Early last year I had cause to observe check-in processes at several Las Vegas properties: Venetian, Palazzo, Imperial Palace, Flamingo, Bally’s and Harrah’s. Regardless of amenities and opulence (or lack thereof), all had a common thread at the reservations desk: you stand in line. You wait your turn. The end.
It didn’t matter if it was the posh Palazzo or budgeteers’ favorite Imperial Palace, you have to wait in what can be a long line until it’s your turn to check in.
During my 31 days of living on the Strip last year, I had plenty of time to ponder while waiting to check into my hotel room. Surely there’s got to be a better, faster, more efficient way to do this, isn’t there? After all, you can print boarding passes to get on a plane these days. Shouldn’t I be able to get into my room quicker?
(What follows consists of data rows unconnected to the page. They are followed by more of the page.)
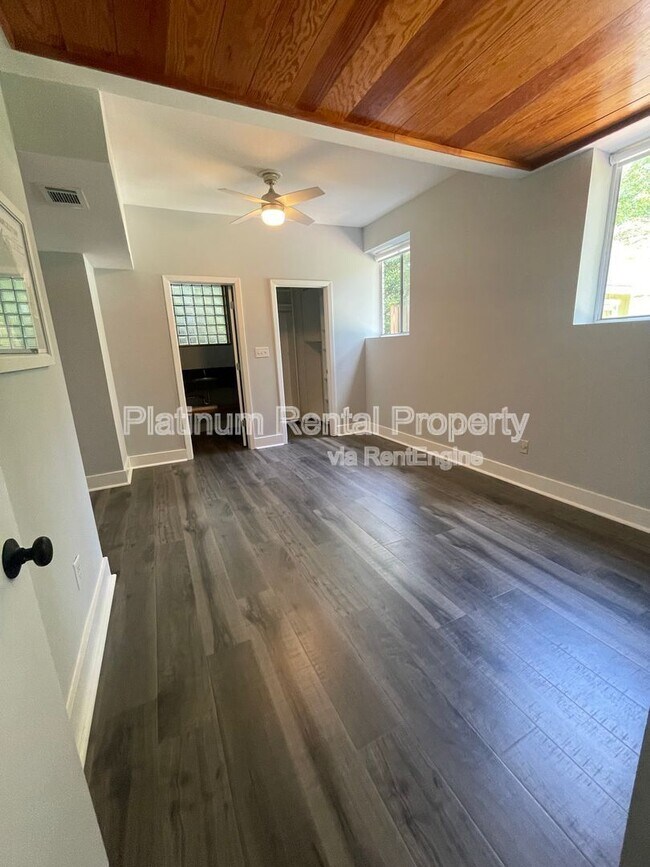 Building Photo - 3828 Donaldson Dr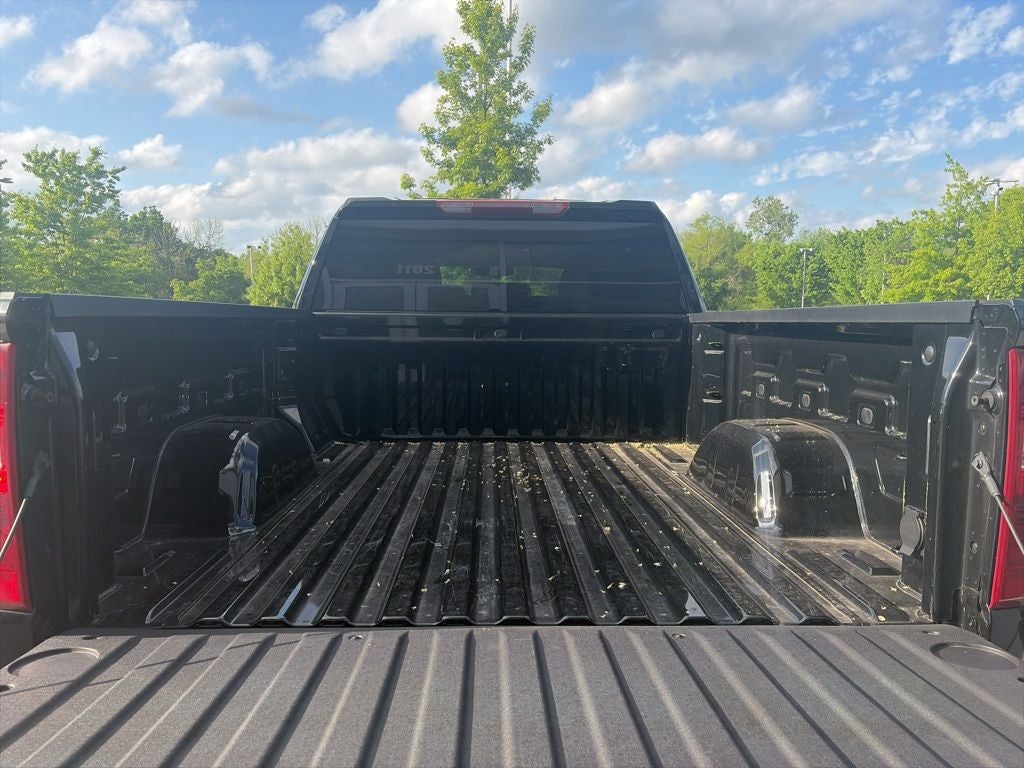 2025 Chevrolet Silverado 1500 Custom CLEAN 1 OWNER CARFAX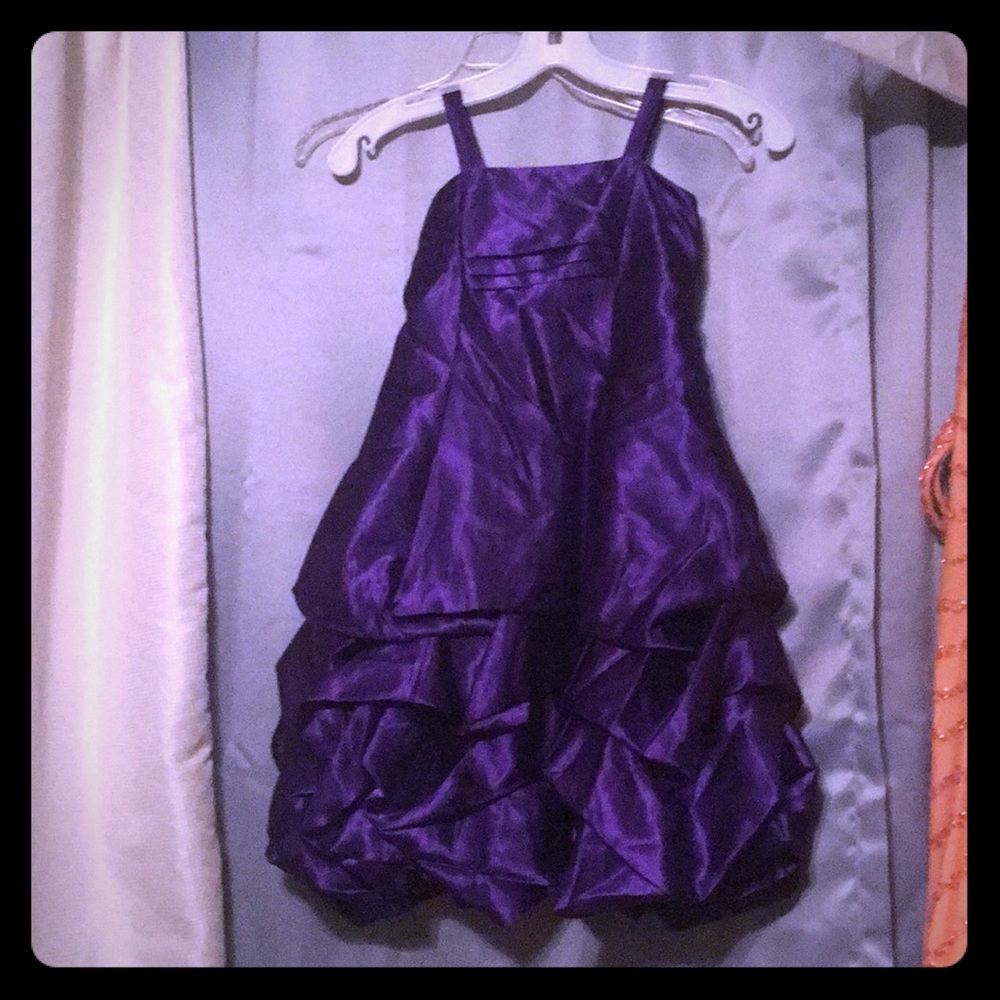 Little girl dress excellent condition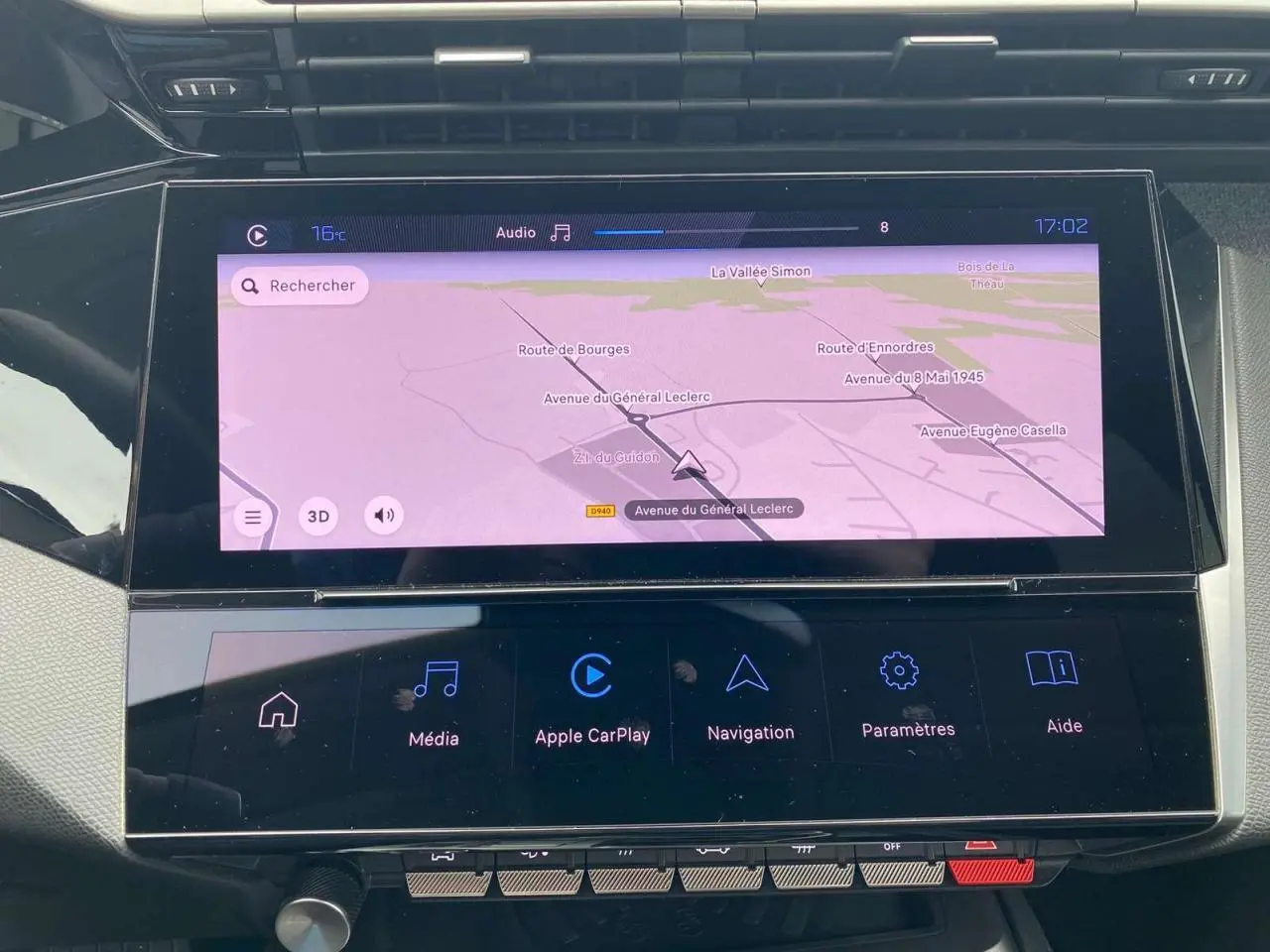 Écran tactile central de navigation et multimédia dans l'habitacle d'une Peugeot 308 2023 vue de face.
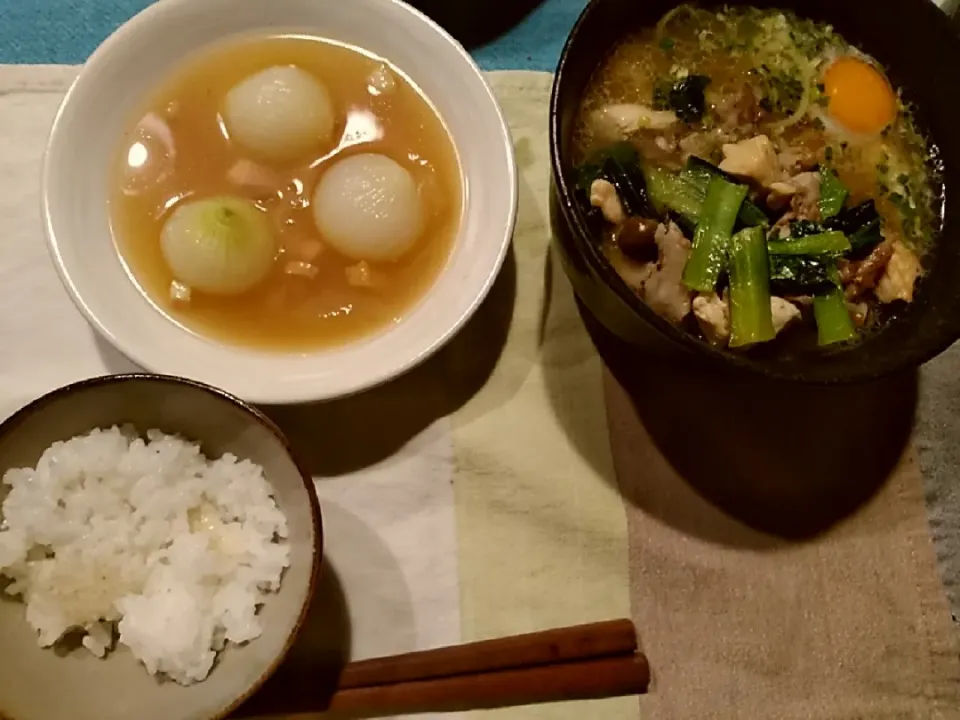 徳島ラーメンとタマネギコンソメ煮|pecopaさん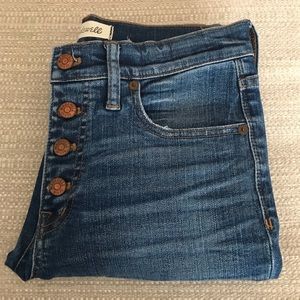 Madewell 9” high rise Skinny Button-up Fly Size 28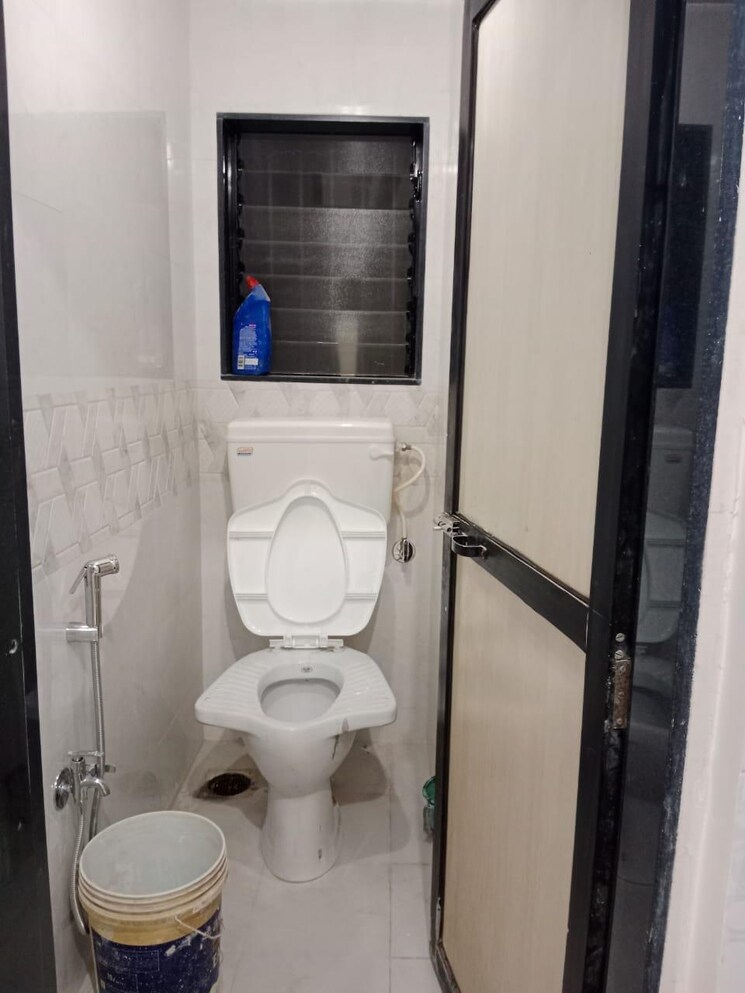 Bathroom, yash-anand-chs 1 Bedroom 500 Sq.Ft. Apartment In Naupada Thane 8056341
During my most recent trip to Vegas I spied self check-in kiosks at the Flamingo. Nirvana! They sat unused while a line of arriving travelers snaked through the lobby. Perhaps they were too new, too hidden or too scary. Nevertheless, I’m a fan. Here are a few untested, unresearched ideas I had for innovation at the check-in counter:
Self Serve Kiosks. So many processes can be automated. Why not this one? Instead of three or four warm bodies behind the desk, how about a bank of 10 self-serve kiosks with one or two CSRs to monitor and assist where needed.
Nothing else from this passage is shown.